Его спутник был лет на десять моложе и тоже выглядел импозантным, но по-иному. Он надел лучший выходной костюм: мешковатый сюртук из грубой материи и широкополую шляпу, выдававшую в нем сельского жителя. Башмаки, как строго-настрого приказал полковник, сияли. Подобно большинству людей труда, он не видел в чистке до блеска того смысла, который ей придавали военные и джентри, коль скоро обувь снова запылится. Борода была прилежно расчесана, а сюртук жена чистила, пока не явился полковник. Но мистер Прайд, арендатор Оукли, бодро и слегка размашисто шагавший рядом с лендлордом, был, наверное, меньше полковника озабочен предстоящим.
Если полковник захотел, чтобы он это сделал, то лично для Прайда этого было достаточно. Он знал полковника, как и его родителей, всю жизнь. Годвин Альбион был не только его помещиком, но и человеком, заслуживающим доверия. Когда несколько лет назад он организовал в Оукли крикетную команду и Прайд показал себя способным спин-боулером, между ними установилась новая связь, которую, насколько позволяло социальное положение, можно было назвать почти дружбой.
Горизонт портила всего одна тучка. Его сын Джордж. В последние годы они практически не общались, но три дня назад сын пришел умолять отца оказаться от поездки, так как боялся лишиться работы. При мысли об этом чело Прайда омрачалось, он не хотел разорить сына.
– Значит, не надо было устраиваться к Камбербетчу, – сказал он холодно и уехал с полковником.
Прайд никогда не бывал в Лондоне. Читал о нем. Как и его отец Эндрю, он посещал основанную Гилпином школу и живо интересовался газетами, но в столице оказался впервые, и это было немалое приключение. Тот факт, что он предстанет перед советом пэров, не значил для него ничего особенного. Прайд полагал, что они будут похожи на джентльменов, ведающих Королевским лесом. Да и будь они хоть дьяволами во плоти или хором архангелов, он знал, кем является сам. Прайдом из Нью-Фореста. Этого ему хватало.
Однако полковник, тонко чувствующий различия, был рад, когда они увидели на перроне человека в цилиндре и с густой каштановой бородой, который ждал их возле вагона первого класса. Этот лендлорд, хозяин большого поместья Бьюли, почти вдвое моложе его, был герцогским сыном, а это много что значило в викторианской Англии.

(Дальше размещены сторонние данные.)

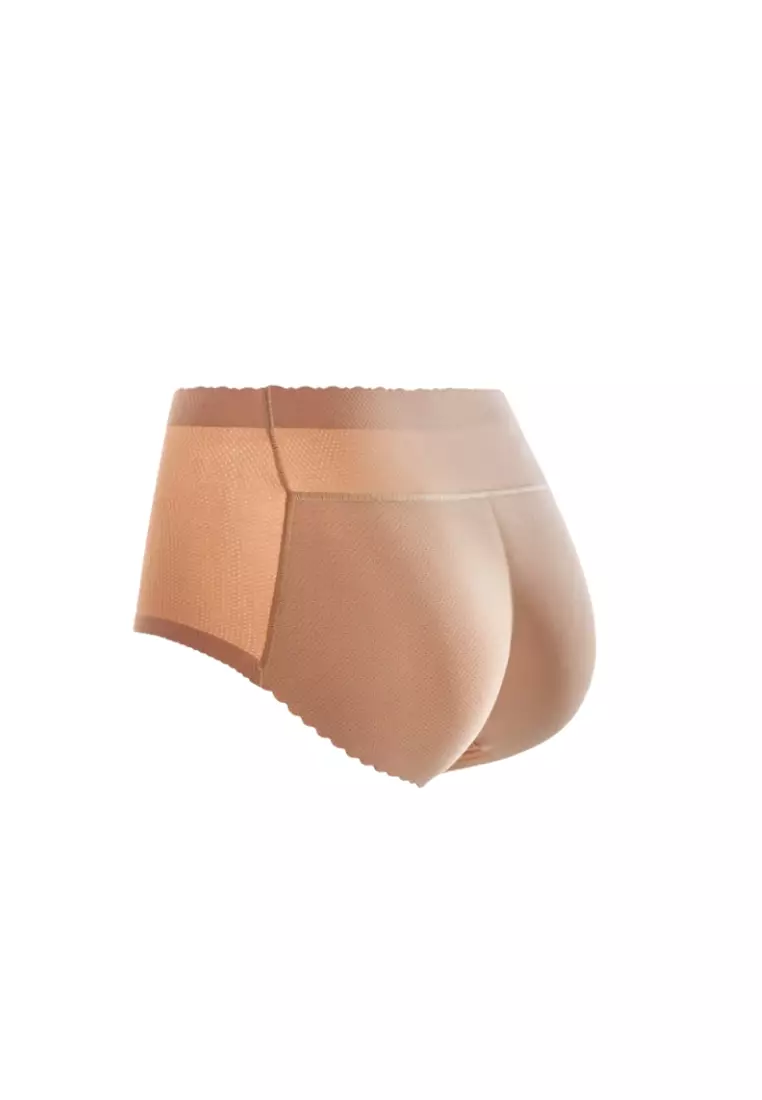 Kalene Butt Lifter Mid Rise Panties Seamless Padded Underwear Hip Pads Enhancer Panty in Nude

– Мой дорогой полковник… – Аристократ приподнял цилиндр и даже Прайда удостоил легким кивком.
– Мой дорогой лорд Генри…
– Мы собрались, полагаю, спасти Нью-Форест, – улыбнулся обоим сэр Генри.
В 1851 году, пятнадцатом с начала правления королевы Виктории, британский парламент издал акт, который сулил Нью-Форесту величайшие со времен Вильгельма Завоевателя перемены.
Было принято решение перебить всех оленей.